Kemendagri, lanjut Ramli, terus mendorong prinsip money follows program, yaitu anggaran mengikuti program prioritas. Dengan pendekatan ini, pemerintah daerah diharapkan lebih berani menganggarkan program keagamaan yang bersentuhan langsung dengan kebutuhan masyarakat.
Selain itu, ia menyebut bahwa pemerintah daerah dapat memanfaatkan mekanisme hibah sesuai dengan ketentuan, baik untuk lembaga berbadan hukum seperti Badan Amil Zakat Nasional (BAZNAS), yayasan keagamaan, maupun organisasi kemasyarakatan yang memenuhi persyaratan administratif dan substantif.

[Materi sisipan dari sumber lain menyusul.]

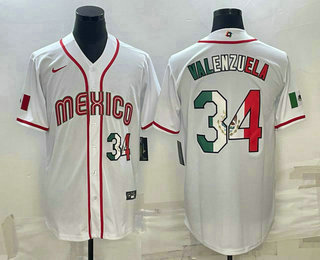 Men Mexico Baseball #34 Fernando Valenzuela Number 2023 White Wo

“Kuncinya ada di perencanaan dan komitmen kepala daerah. Masjid sebagai pusat transformasi sosial harus dilihat sebagai mitra strategis pembangunan daerah,” tandasnya.

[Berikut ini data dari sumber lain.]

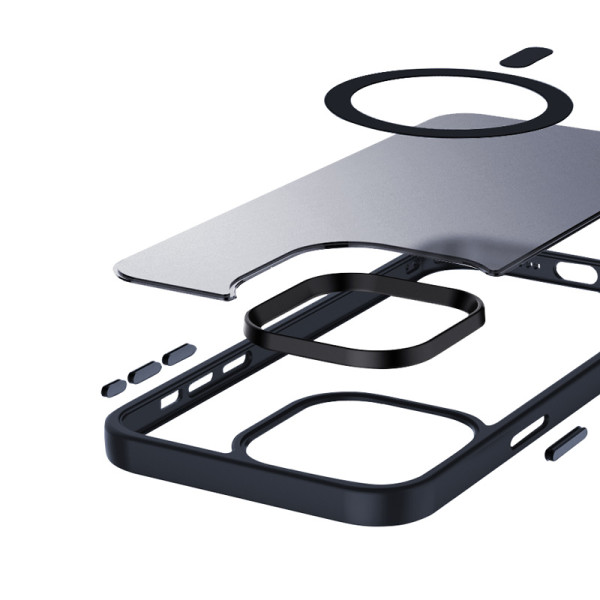 Etui Do iPhone 15 Pro Max MagSafe Crong Hybrid Frost Mag Cover Niebieski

Ramli juga mengusulkan inovasi-inovasi baru dalam mendukung penguatan fungsi masjid, seperti penyediaan asuransi tenaga kerja bagi imam dan marbot, pemberdayaan ekonomi berbasis masjid, serta pemanfaatan masjid sebagai pusat pelayanan sosial masyarakat.

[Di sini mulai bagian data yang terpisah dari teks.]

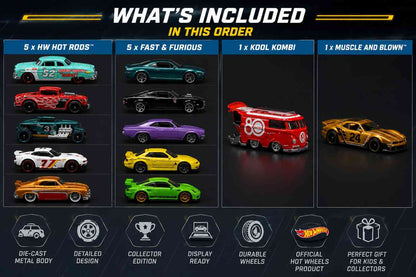 Hot Wheels Collector Bundle – HW Hot Rods 5-Pack, Fast & Furious 5-Pack, Kool Kombi & Muscle and Blown Die-Cast Cars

Dalam kesempatan yang sama, ia mengingatkan bahwa peningkatan sinergi antara Kemendagri dan Kemenag sangat krusial. Pendekatan sektoral tidak cukup, sebab masjid berada di tengah-tengah denyut kehidupan masyarakat yang membutuhkan dukungan kolaboratif dari banyak pihak.
“Kemenag punya otoritas keagamaan, Kemendagri punya kendali fiskal dan tata kelola daerah. Maka sinergi ini penting untuk menciptakan ekosistem pembinaan keagamaan yang kuat dan berkelanjutan,” tutup Ramli.
Saraloka BKM 2025 menjadi momentum strategis dalam merumuskan arah kebijakan dan penguatan peran masjid di tengah dinamika sosial keagamaan. Acara yang dibuka oleh Wakil Menteri Agama Romo R Muhammad Syafi'i pada 7 Juli 2025 ini merupakan bagian dari rangkaian Peaceful Muharam. Kegiatan berlangsung hingga 9 Juli, diikuti 300 peserta luring dari BKM pusat, provinsi, serta mitra strategis, dan ratusan peserta daring dari BKM kecamatan dan desa di seluruh Indonesia.